Mordfall Hinterkaifeck
23.06.2022 um 11:02Donisl schrieb:An dieser Stelle wäre eine Antwort auf die Frage hilfreich, ob die Familie an einem Strang zog oder die Situation sowieso schon wegen Differenzen angespannt war.a) Ob die Großfamilie hinsichtlich Finanzierung und Fortgangs des Neubaus noch an einem Strang zog, ist mir nicht bekannt. Die Inflation hatte den Bar(papier)geldwert gebeutelt und würde ihn vernichten. Aber das galt ja nicht für alle Assetklassen, über die Bauern damals verfügten und schon gar nicht bei Goldgeld.

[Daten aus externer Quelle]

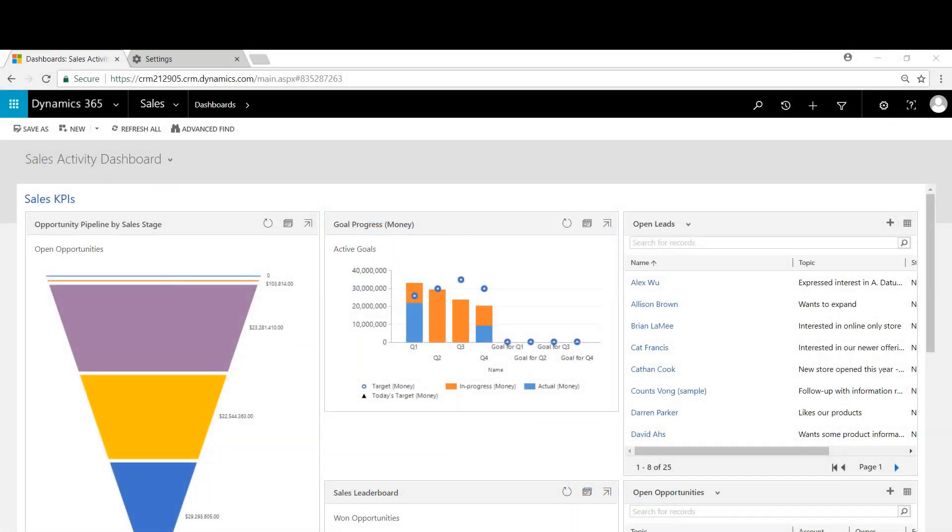Hi, my name is Chad Nelson and I'm a Dynamics 365 Customer Engagement Solution Specialist with Western Computer. In this video we're going to review goal management.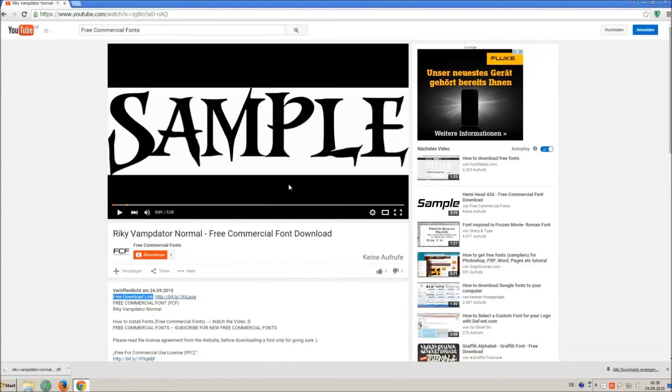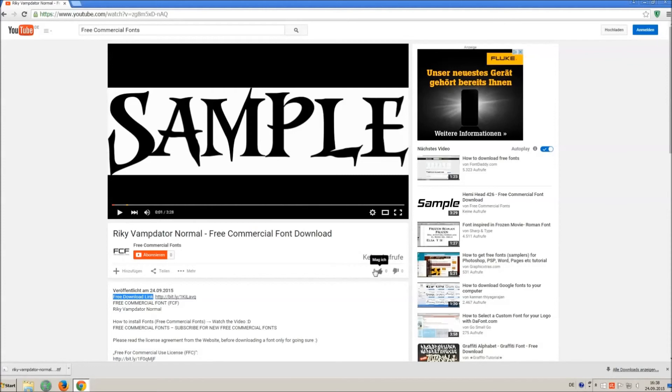If you appreciate the work of uploading thousands of font videos please give a thumb up subscribe or recommend this channel. Thank you and good luck at your graphics.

a) Ob die Großfamilie generell wegen Differenzen untereinander angespannt war, läßt sich schon eher nachvollziehen. Zunächst einmal wird das davon abhängen, inwieweit man der Zeugin Sophie Fuchs zutraut, dass sie kindliche -im Alter von ca. 7 Jahren gemachte- Wahrnehmungen kurz vor dem Mord betr. Cilli in der Schule unverfälscht in ihrem Gedächtnis behalten, wiedergeben konnte und das auch getan hat.
Zur Vermeidung von Wiederholungen mein kürzlicher Beitrag: Beitrag von pensionär (Seite 2.497)

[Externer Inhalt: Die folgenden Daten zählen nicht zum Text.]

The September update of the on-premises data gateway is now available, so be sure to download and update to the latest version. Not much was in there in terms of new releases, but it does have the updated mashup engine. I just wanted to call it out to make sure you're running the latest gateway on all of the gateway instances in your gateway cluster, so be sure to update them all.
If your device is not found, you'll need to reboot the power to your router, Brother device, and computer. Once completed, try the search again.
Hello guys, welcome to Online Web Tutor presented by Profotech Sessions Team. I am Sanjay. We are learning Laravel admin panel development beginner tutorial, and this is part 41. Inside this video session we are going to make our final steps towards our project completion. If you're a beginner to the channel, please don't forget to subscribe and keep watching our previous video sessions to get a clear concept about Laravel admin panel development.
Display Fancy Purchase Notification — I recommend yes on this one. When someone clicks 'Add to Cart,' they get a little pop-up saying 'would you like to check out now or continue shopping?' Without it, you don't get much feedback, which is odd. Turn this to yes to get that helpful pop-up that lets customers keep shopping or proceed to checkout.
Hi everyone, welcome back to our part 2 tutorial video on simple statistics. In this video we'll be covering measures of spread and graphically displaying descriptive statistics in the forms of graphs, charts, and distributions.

Folgt man Frau Fuchs wenigstens im Kerngeschehen, so gab es kurz vor der Tat ein Cilli beunruhigendes Erlebnis von erheblicher häuslicher Gewalt des Andreas Gruber entweder gegenüber seiner Frau oder Viktoria. Von Dir angesprochene "Differenzen" hätten sich damit in der Großfamilie tatzeitnah vor einem unbekannten Hintergrund generell sogar überdeutlich manifestiert.
b) Eine weitere mögliche ! frühere Differenz sehe ich im Verhalten zwischen Andreas Gruber und Viktoria gegenüber LS in der Vaterschaftsfrage.
Wie wir aus der Pielmayer-Zusammenstellung wissen, hat nach Aktenlage Andreas Gruber von LS 3000 Mark für das Kind Josef verlangt.
Ob das auch von Viktoria so gewollt war, scheint mir fraglich.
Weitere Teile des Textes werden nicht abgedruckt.